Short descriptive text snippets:
-----

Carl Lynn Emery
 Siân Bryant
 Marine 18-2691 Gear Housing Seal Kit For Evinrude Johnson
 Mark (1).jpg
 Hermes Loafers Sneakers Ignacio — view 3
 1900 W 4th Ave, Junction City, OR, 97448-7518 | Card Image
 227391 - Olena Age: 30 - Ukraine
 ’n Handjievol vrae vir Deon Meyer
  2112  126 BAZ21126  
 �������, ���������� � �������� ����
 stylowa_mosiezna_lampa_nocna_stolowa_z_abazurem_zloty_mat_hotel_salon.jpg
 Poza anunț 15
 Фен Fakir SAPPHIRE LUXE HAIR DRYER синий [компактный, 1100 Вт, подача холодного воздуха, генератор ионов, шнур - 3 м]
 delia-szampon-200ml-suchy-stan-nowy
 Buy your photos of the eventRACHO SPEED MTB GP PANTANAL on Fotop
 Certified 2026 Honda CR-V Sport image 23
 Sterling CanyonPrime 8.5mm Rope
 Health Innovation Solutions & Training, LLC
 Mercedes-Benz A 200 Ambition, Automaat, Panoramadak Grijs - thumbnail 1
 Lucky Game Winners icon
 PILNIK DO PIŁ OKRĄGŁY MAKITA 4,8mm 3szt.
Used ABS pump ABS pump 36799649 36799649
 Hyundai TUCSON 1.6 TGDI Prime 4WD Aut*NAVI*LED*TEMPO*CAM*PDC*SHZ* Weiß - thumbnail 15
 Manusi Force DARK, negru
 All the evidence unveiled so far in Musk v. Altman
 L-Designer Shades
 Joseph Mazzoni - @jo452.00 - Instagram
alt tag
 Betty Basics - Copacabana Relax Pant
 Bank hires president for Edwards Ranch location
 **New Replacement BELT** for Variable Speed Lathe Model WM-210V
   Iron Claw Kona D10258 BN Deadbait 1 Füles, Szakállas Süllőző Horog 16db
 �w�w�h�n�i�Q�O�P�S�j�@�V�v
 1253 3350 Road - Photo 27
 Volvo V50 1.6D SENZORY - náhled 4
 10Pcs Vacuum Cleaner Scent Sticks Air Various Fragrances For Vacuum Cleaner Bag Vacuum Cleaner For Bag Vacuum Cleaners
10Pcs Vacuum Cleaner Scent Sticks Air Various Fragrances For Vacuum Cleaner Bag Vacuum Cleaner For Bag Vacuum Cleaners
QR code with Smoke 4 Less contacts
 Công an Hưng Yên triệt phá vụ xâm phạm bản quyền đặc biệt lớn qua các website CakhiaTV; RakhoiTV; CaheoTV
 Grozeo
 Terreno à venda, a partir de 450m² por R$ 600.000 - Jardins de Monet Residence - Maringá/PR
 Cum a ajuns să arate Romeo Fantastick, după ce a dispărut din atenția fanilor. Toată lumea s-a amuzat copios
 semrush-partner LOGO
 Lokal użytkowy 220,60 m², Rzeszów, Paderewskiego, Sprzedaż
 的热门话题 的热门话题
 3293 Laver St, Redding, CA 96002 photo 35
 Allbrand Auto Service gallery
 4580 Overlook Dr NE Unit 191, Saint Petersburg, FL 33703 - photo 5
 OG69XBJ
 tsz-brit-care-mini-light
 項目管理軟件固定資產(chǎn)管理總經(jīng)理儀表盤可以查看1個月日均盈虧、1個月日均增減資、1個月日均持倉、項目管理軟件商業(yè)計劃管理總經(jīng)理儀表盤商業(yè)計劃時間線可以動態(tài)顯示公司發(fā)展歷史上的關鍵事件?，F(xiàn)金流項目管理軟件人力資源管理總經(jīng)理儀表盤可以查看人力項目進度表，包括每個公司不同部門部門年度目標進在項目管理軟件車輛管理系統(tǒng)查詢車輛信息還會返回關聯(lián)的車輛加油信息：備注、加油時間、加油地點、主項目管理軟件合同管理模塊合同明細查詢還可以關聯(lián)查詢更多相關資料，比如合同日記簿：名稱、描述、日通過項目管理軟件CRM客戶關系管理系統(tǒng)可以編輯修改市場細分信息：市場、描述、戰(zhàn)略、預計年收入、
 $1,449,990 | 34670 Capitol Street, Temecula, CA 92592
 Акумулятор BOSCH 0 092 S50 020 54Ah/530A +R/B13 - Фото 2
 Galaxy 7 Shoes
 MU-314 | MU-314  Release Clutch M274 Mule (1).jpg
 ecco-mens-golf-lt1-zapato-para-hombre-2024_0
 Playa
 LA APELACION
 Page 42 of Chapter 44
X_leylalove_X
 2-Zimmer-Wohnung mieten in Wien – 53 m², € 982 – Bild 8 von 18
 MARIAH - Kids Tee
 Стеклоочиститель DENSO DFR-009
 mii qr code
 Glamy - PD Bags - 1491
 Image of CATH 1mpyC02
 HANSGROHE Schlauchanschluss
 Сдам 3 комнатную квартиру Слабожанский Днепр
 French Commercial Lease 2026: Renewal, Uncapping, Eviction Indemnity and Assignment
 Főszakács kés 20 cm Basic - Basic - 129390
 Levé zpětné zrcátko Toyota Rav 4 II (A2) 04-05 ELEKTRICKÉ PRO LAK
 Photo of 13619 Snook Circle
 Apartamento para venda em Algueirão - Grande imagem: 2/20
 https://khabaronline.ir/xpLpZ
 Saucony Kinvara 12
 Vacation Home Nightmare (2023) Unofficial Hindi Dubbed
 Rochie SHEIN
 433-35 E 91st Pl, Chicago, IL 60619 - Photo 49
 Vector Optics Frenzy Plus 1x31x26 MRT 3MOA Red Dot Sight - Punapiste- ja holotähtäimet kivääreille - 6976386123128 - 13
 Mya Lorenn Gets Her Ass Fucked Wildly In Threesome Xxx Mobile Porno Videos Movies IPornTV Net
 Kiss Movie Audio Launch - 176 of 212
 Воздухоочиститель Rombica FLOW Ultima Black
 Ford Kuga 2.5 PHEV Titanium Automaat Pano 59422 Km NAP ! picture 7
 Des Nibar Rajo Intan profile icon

-----

Task statement:
The required answer is the run of lines above, starting at the line with "Galaxy 7 Shoes" and ending at the line with "HANSGROHE Schlauchanschluss", reproduced exactly with both ends.

Answer space:
 Galaxy 7 Shoes
 MU-314 | MU-314  Release Clutch M274 Mule (1).jpg
 ecco-mens-golf-lt1-zapato-para-hombre-2024_0
 Playa
 LA APELACION
 Page 42 of Chapter 44
X_leylalove_X
 2-Zimmer-Wohnung mieten in Wien – 53 m², € 982 – Bild 8 von 18
 MARIAH - Kids Tee
 Стеклоочиститель DENSO DFR-009
 mii qr code
 Glamy - PD Bags - 1491
 Image of CATH 1mpyC02
 HANSGROHE Schlauchanschluss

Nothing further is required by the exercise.